**Task details:**
Scan the entries that follow and work out how many lines contain "Road". Give the number and nothing else.

═══ Input

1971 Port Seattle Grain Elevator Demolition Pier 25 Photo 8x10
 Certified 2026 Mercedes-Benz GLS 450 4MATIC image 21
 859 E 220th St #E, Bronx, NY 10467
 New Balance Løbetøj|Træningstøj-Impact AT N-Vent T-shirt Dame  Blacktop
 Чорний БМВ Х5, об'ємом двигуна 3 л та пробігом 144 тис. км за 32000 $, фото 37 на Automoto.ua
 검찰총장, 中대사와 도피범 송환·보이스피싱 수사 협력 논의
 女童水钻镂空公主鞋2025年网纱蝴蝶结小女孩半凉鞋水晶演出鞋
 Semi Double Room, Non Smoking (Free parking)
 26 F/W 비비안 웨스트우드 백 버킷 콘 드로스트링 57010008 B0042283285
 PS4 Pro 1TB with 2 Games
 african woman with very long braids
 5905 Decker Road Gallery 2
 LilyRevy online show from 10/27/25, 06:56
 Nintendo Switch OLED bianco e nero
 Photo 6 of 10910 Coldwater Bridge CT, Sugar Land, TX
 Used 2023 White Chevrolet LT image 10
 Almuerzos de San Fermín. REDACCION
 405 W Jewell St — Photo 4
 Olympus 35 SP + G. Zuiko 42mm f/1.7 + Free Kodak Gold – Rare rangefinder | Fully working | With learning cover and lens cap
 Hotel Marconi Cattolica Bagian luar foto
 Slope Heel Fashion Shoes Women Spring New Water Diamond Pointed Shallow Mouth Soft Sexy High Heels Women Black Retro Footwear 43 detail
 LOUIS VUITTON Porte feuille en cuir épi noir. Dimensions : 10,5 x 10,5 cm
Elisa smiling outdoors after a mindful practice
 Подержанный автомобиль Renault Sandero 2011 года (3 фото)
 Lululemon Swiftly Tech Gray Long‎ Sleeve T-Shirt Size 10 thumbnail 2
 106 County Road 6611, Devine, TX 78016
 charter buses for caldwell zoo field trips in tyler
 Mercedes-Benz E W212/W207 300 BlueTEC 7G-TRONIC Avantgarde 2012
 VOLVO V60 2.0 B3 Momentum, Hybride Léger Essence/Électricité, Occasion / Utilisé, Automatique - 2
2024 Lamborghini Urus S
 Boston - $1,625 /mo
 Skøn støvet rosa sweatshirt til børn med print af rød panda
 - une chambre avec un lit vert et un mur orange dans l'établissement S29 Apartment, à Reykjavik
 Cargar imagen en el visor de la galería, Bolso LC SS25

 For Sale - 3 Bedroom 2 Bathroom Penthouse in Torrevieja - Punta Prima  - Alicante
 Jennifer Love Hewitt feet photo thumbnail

══════

**Problem solution:**
2